4. ELECTROLYTIC CAPACITORS
Electrolytic Capacitors are generally used when very large capacitance values are required. Here instead of using a very thin metallic film layer for one of the electrodes, a semi-liquid electrolyte solution in the form of a jelly or paste is used which serves as the second electrode (usually the cathode). The dielectric is a very thin layer of oxide which is grown electro-chemically in production with the thickness of the film being less than ten microns. This insulating layer is so thin that it is possible to make large value capacitors of a small size. The majority of electrolytic types of capacitors are Polarized, that is the voltage applied to the capacitor terminals must be of the correct polarity as an incorrect polarization will break down the insulating oxide layer and permanent damage may result.
Electrolytic Capacitors are generally used in DC power supply circuits to help reduce the ripple voltage or for coupling and decoupling applications. Electrolytic's generally come in two basic forms; Aluminum Electrolytic and Tantalum Electrolytic capacitors.
1. ALUMINIUM ELECTROLYTIC CAPACITORS
There are basically two types of Aluminium Electrolytic Capacitor, the plain foil type and the etched foil type. The thickness of the aluminium oxide film and high breakdown voltage give these capacitors very high capacitance values for their size. The etched foil type differs from the plain foil type in that the aluminium oxide on the anode and cathode foils has been chemically etched to increase its surface area and permittivity. This gives a smaller sized capacitor than a plain foil type of equivalent value but has the disadvantage of not being able to withstand high AC currents compared to the plain type. Also their tolerance range is quite large up to 20%. Etched foil electrolytic's are best used in coupling, DC blocking and by-pass circuits while plain foil types are better suited as smoothing capacitors in power supplies. Typical values of capacitance range from 1uF to 47000uF. Aluminium Electrolytic's are "polarized" devices so reversing the applied voltage on the leads will cause the insulating layer within the capacitor to be destroyed along with the capacitor, "so be aware".

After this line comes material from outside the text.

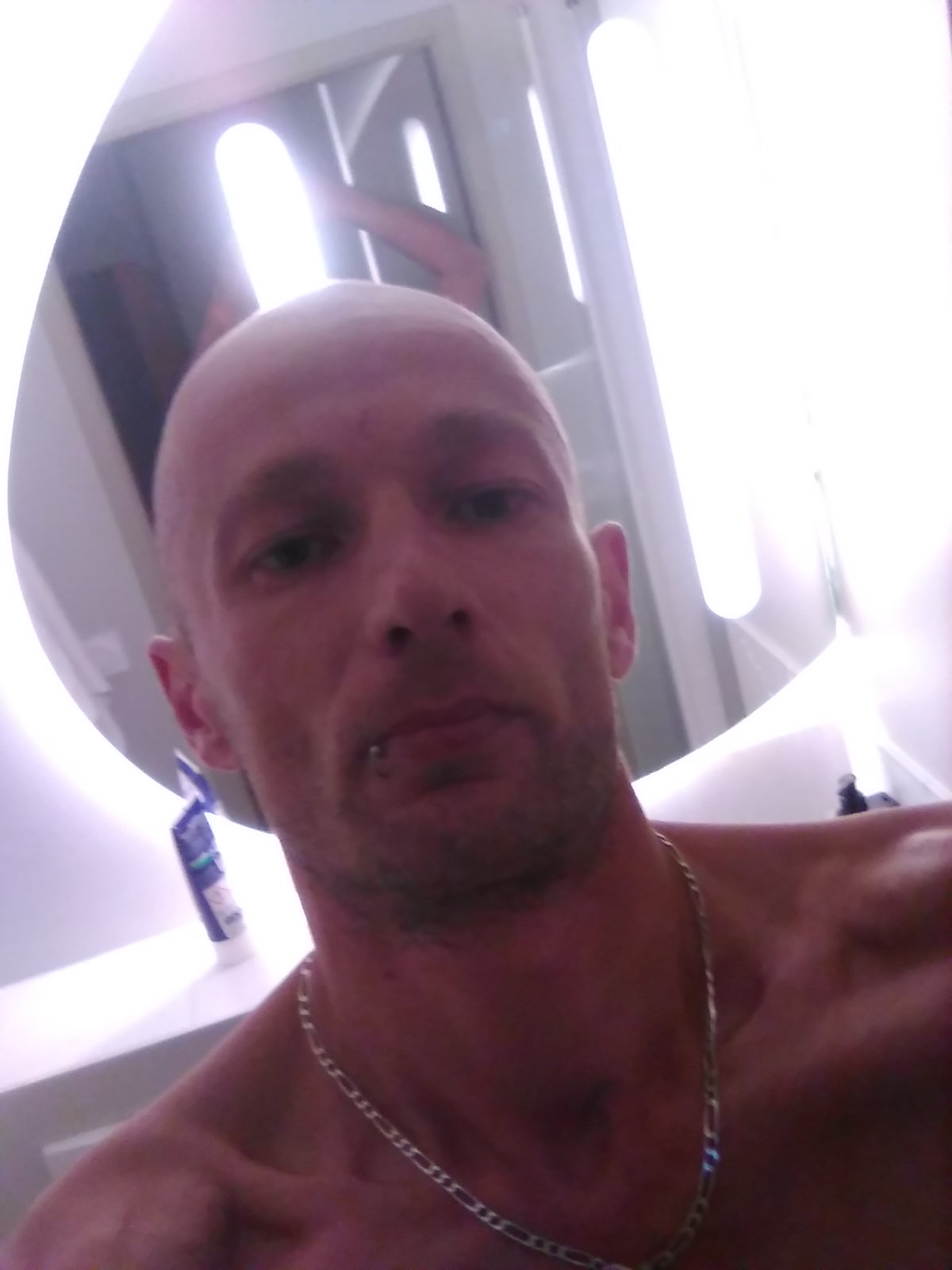 Aleksandar - Enquin-lez-Guinegatte - Pas-de-Calais | Rencontre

2. TANTALUM ELECTROLYTIC CAPACITORS
Tantalum Electrolytic Capacitors or Tantalum Beads, are available in both wet (foil) and dry (solid) electrolytic types with the dry or solid tantalum being the most common. Solid tantalums use manganese dioxide as their second terminal and are physically smaller than the equivalent aluminium capacitors. The dielectric properties of tantalum oxide is also much better than those of aluminium oxide giving a lower leakage currents and better capacitance stability which makes them suitable for timing applications. Also tantalum capacitors although polarized, can tolerate being connected to a reverse voltage much more easily than the Aluminium types but are rated at much lower working voltages. Typical values of capacitance range from 47nF to 470uF.

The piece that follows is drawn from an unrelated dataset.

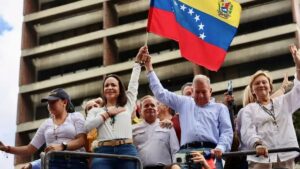 Edmundo González Urrutia se prepara para regresar a Venezuela en medio de protestas y represión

Aluminium & Tantalum Electrolytic Capacitor
CAPACITOR CHARACTERISTICS
There are bewildering arrays of characteristics associated with the humble capacitor so here are just a few of the more important ones.
1. Working Voltage, (Vn)
The Working Voltage (Wvdc, Wvac) is the maximum continuous voltage that can be applied to the capacitor without failure during its working life. DC and AC values are usually not the same as the AC value refers to the r.m.s. value. Common working DC voltages are 10V, 16V, 25V, 35V, 63V, 100V, 160V, 250V, 400V and 1000V and are printed onto the body of the capacitor.
2. Tolerance, (±%)
As with resistors, Capacitors also have a tolerance rating expressed as a plus-or-minus value either in Picofarads (±pF) for low value capacitors generally less than 10pF or as a percentage (±%) for higher value capacitors generally higher than 10pF. Capacitors are rated according to how near their actual values are to the rated capacitance with coloured bands or letters used to indicated the actual tolerance. The most common tolerance for capacitors is 5% or 10% but some electrolytic capacitors are rated as high as 20%.
3. Leakage Current
The dielectric used inside the capacitor is not a perfect insulator resulting in a very small current flowing or "leaking" through the dielectric when applied to a constant supply voltage. This small current flow in the region of micro amps (μA) is called the Leakage Current. This leakage current is a result of electrons physically making their way through the dielectric medium, around its edges or across the leads. The "leakage current" of a capacitor is sometimes called the "insulation resistance" and can be found using Ohm's law. The film/foil type capacitor has extremely low leakage currents while the leakage current of aluminium electrolytic's increases with temperature.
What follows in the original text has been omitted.